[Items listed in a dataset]
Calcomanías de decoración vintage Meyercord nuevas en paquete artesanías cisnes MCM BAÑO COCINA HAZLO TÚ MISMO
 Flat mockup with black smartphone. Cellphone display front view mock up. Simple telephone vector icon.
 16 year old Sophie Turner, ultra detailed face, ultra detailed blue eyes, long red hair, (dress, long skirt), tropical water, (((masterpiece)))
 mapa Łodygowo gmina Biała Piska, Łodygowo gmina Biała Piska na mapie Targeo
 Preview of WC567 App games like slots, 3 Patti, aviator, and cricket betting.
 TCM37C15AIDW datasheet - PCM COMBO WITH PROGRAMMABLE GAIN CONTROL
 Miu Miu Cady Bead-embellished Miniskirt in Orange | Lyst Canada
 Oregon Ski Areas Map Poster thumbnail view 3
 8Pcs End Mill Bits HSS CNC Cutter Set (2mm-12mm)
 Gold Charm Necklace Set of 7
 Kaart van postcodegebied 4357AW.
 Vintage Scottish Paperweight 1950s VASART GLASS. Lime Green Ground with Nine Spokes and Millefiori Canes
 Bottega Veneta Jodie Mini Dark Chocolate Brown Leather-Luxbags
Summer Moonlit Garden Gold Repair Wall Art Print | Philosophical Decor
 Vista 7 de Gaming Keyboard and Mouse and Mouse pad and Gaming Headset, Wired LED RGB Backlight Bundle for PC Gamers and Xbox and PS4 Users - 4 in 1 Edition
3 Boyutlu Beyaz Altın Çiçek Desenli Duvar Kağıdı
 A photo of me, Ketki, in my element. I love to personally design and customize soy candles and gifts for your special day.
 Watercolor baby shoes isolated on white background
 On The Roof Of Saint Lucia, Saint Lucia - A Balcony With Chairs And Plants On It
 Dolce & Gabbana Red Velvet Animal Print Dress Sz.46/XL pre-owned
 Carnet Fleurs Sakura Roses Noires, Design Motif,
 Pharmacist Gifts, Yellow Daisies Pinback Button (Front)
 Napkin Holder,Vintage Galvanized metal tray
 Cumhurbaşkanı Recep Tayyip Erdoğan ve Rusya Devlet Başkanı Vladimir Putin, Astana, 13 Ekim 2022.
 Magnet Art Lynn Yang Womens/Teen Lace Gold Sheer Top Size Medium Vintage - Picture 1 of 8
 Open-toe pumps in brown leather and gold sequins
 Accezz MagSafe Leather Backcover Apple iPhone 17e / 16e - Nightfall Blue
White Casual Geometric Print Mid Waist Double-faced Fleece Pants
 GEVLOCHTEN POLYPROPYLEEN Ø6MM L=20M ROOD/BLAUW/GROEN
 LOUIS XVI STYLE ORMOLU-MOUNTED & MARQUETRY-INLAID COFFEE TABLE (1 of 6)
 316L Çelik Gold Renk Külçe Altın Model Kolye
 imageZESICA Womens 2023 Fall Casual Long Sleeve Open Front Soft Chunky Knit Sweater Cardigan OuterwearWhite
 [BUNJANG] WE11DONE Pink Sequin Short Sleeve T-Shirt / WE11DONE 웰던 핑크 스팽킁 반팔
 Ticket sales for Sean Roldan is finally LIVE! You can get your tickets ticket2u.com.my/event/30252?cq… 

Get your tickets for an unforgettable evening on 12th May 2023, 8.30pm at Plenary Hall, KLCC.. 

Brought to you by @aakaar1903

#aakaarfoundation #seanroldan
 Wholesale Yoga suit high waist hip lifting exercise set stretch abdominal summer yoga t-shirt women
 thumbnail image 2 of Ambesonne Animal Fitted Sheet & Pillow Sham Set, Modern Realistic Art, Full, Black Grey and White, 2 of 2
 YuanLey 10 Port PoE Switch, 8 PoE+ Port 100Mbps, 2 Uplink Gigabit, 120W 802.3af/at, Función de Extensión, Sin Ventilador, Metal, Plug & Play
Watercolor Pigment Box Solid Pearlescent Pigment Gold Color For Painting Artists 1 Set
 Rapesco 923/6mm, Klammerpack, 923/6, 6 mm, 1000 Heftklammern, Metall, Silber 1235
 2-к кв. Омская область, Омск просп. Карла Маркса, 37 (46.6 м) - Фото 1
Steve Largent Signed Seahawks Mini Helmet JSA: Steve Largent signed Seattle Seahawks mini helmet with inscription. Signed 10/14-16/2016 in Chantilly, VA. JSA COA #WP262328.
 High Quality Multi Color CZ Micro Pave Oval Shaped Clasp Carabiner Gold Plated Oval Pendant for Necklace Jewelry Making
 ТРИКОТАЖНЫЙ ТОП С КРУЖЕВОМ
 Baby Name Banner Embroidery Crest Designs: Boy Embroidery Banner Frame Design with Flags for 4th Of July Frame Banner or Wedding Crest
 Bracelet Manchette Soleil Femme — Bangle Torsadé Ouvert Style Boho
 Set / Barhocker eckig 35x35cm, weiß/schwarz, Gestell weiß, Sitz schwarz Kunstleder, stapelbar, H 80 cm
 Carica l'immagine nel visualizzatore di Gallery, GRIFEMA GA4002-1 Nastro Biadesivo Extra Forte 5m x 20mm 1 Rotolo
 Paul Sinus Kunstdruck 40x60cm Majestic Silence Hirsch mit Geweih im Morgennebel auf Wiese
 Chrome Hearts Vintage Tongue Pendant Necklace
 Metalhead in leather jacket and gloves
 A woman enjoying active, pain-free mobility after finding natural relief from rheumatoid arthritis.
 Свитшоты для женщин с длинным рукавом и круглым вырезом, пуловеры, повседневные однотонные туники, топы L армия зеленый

## TASK TO COMPLETE
Every entry must be quoted exactly as it appears above.

## TASK OUTPUT
Calcomanías de decoración vintage Meyercord nuevas en paquete artesanías cisnes MCM BAÑO COCINA HAZLO TÚ MISMO
 Flat mockup with black smartphone. Cellphone display front view mock up. Simple telephone vector icon.
 16 year old Sophie Turner, ultra detailed face, ultra detailed blue eyes, long red hair, (dress, long skirt), tropical water, (((masterpiece)))
 mapa Łodygowo gmina Biała Piska, Łodygowo gmina Biała Piska na mapie Targeo
 Preview of WC567 App games like slots, 3 Patti, aviator, and cricket betting.
 TCM37C15AIDW datasheet - PCM COMBO WITH PROGRAMMABLE GAIN CONTROL
 Miu Miu Cady Bead-embellished Miniskirt in Orange | Lyst Canada
 Oregon Ski Areas Map Poster thumbnail view 3
 8Pcs End Mill Bits HSS CNC Cutter Set (2mm-12mm)
 Gold Charm Necklace Set of 7
 Kaart van postcodegebied 4357AW.
 Vintage Scottish Paperweight 1950s VASART GLASS. Lime Green Ground with Nine Spokes and Millefiori Canes
 Bottega Veneta Jodie Mini Dark Chocolate Brown Leather-Luxbags
Summer Moonlit Garden Gold Repair Wall Art Print | Philosophical Decor
 Vista 7 de Gaming Keyboard and Mouse and Mouse pad and Gaming Headset, Wired LED RGB Backlight Bundle for PC Gamers and Xbox and PS4 Users - 4 in 1 Edition
3 Boyutlu Beyaz Altın Çiçek Desenli Duvar Kağıdı
 A photo of me, Ketki, in my element. I love to personally design and customize soy candles and gifts for your special day.
 Watercolor baby shoes isolated on white background
 On The Roof Of Saint Lucia, Saint Lucia - A Balcony With Chairs And Plants On It
 Dolce & Gabbana Red Velvet Animal Print Dress Sz.46/XL pre-owned
 Carnet Fleurs Sakura Roses Noires, Design Motif,
 Pharmacist Gifts, Yellow Daisies Pinback Button (Front)
 Napkin Holder,Vintage Galvanized metal tray
 Cumhurbaşkanı Recep Tayyip Erdoğan ve Rusya Devlet Başkanı Vladimir Putin, Astana, 13 Ekim 2022.
 Magnet Art Lynn Yang Womens/Teen Lace Gold Sheer Top Size Medium Vintage - Picture 1 of 8
 Open-toe pumps in brown leather and gold sequins
 Accezz MagSafe Leather Backcover Apple iPhone 17e / 16e - Nightfall Blue
White Casual Geometric Print Mid Waist Double-faced Fleece Pants
 GEVLOCHTEN POLYPROPYLEEN Ø6MM L=20M ROOD/BLAUW/GROEN
 LOUIS XVI STYLE ORMOLU-MOUNTED & MARQUETRY-INLAID COFFEE TABLE (1 of 6)
 316L Çelik Gold Renk Külçe Altın Model Kolye
 imageZESICA Womens 2023 Fall Casual Long Sleeve Open Front Soft Chunky Knit Sweater Cardigan OuterwearWhite
 [BUNJANG] WE11DONE Pink Sequin Short Sleeve T-Shirt / WE11DONE 웰던 핑크 스팽킁 반팔
 Ticket sales for Sean Roldan is finally LIVE! You can get your tickets ticket2u.com.my/event/30252?cq… 

Get your tickets for an unforgettable evening on 12th May 2023, 8.30pm at Plenary Hall, KLCC.. 

Brought to you by @aakaar1903

#aakaarfoundation #seanroldan
 Wholesale Yoga suit high waist hip lifting exercise set stretch abdominal summer yoga t-shirt women
 thumbnail image 2 of Ambesonne Animal Fitted Sheet & Pillow Sham Set, Modern Realistic Art, Full, Black Grey and White, 2 of 2
 YuanLey 10 Port PoE Switch, 8 PoE+ Port 100Mbps, 2 Uplink Gigabit, 120W 802.3af/at, Función de Extensión, Sin Ventilador, Metal, Plug & Play
Watercolor Pigment Box Solid Pearlescent Pigment Gold Color For Painting Artists 1 Set
 Rapesco 923/6mm, Klammerpack, 923/6, 6 mm, 1000 Heftklammern, Metall, Silber 1235
 2-к кв. Омская область, Омск просп. Карла Маркса, 37 (46.6 м) - Фото 1
Steve Largent Signed Seahawks Mini Helmet JSA: Steve Largent signed Seattle Seahawks mini helmet with inscription. Signed 10/14-16/2016 in Chantilly, VA. JSA COA #WP262328.
 High Quality Multi Color CZ Micro Pave Oval Shaped Clasp Carabiner Gold Plated Oval Pendant for Necklace Jewelry Making
 ТРИКОТАЖНЫЙ ТОП С КРУЖЕВОМ
 Baby Name Banner Embroidery Crest Designs: Boy Embroidery Banner Frame Design with Flags for 4th Of July Frame Banner or Wedding Crest
 Bracelet Manchette Soleil Femme — Bangle Torsadé Ouvert Style Boho
 Set / Barhocker eckig 35x35cm, weiß/schwarz, Gestell weiß, Sitz schwarz Kunstleder, stapelbar, H 80 cm
 Carica l'immagine nel visualizzatore di Gallery, GRIFEMA GA4002-1 Nastro Biadesivo Extra Forte 5m x 20mm 1 Rotolo
 Paul Sinus Kunstdruck 40x60cm Majestic Silence Hirsch mit Geweih im Morgennebel auf Wiese
 Chrome Hearts Vintage Tongue Pendant Necklace
 Metalhead in leather jacket and gloves
 A woman enjoying active, pain-free mobility after finding natural relief from rheumatoid arthritis.
 Свитшоты для женщин с длинным рукавом и круглым вырезом, пуловеры, повседневные однотонные туники, топы L армия зеленый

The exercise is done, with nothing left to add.